La promozione in serie A nel '64 e la progressiva crescita, costante, di una squadra - dal '66 allenata da Manlio Scopigno - che nel '69 sfiora il titolo (che andò alla Fiorentina, con tanto di polemiche perché il capo della FIGC dell'epoca era il fiorentino Artemio Franchi...) e nel '70 vinse quell'irripetibile, storico scudetto.
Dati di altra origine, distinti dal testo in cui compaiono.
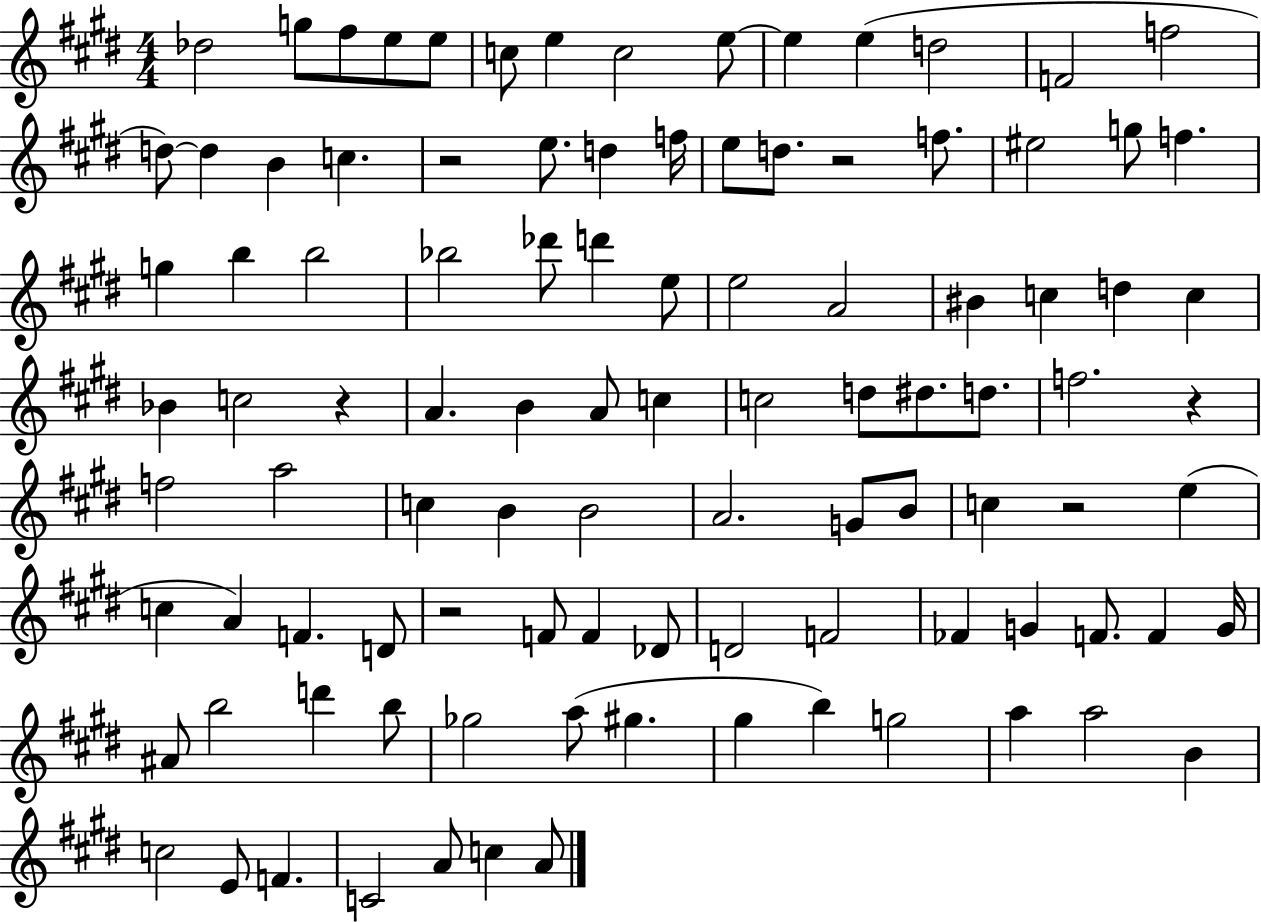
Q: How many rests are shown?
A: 6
Ma non solo, ai successivi Mondiali in Messico, quella straordinaria nazionale che si arrese solamente alla potenza del Brasile di Pelè, Rivelinho e Jairzinho, era composta da ben 6 giocatori del Cagliari, 4 dei quali in campo nella mitologica semifinale Italia-Germania 4-3 (Albertosi, Cera, Domenghini e Riva).

Ma non si preoccupa semplicemente di ripercorrere le incredibili gesta sportive del fuoriclasse (con quel rumore sordo - stock! - a caratterizzare l'impatto tra il suo sinistro e il pallone, "rombo di tuono" appunto come lo battezzò l'indimenticato Gianni Brera) - capocannoniere ancora imbattuto della nazionale italiana, con 35 gol segnati - e dei suoi compagni, il lavoro di Milani: intrecciando le testimonianze dirette - tra le tante, anche commoventi, quella di Sandro Mazzola, altro campione, suo amico in azzurro - ai materiali d'archivio, infilando di tanto in tanto qualche frammento di ricostruzione docufiction, Nel nostro cielo un rombo di tuono esplora un periodo particolare della storia di questo paese e gli anfratti di una storia d'amore - quella tra Riva e la Sardegna - che dura ormai ininterrottamente da 60 anni. E che non finirà mai.

Per questo l'aspetto più particolare dell'operazione è da ricercare nel coinvolgimento della gente comune, ormai sua conterranea, che siano allevatori, pastori, barbieri, ristoratori, giornalisti, antropologi, poco importa: pur mantenendo intatto quel proverbiale riserbo e l'apparente "caratteraccio" (fantastico il momento in cui ricorda l'amicizia con De André, iniziata con un incontro dove "la prima mezz'ora è stata terrificante, nessuno dei due ha aperto bocca"), "Gigione" è saputo entrare nel cuore di tutti ed è stato a sua volta capace di accogliere, di restituire quell'affetto non solo attraverso le incredibili gesta sul campo di gioco.

Perché poteva farsi ricoprire d'oro e andare a Torino (alla Juve) o a Milano (all'Inter, con Angelo Moratti - come racconta il figlio Massimo nel doc - che sottobanco comprò il Cagliari per evitare che il campione venisse venduto alla Juve...), ma invece ha scelto di rimanere lì, con e per la "sua" gente. Che ora attende di poterlo riabbracciare ancora, sognando possa sconfiggere definitivamente quella depressione che lo tiene troppo spesso rinchiuso in casa, e magari riesca a cogliere quel rombo di tuono che squarcia l'orizzonte dalla spiaggia del Poetto.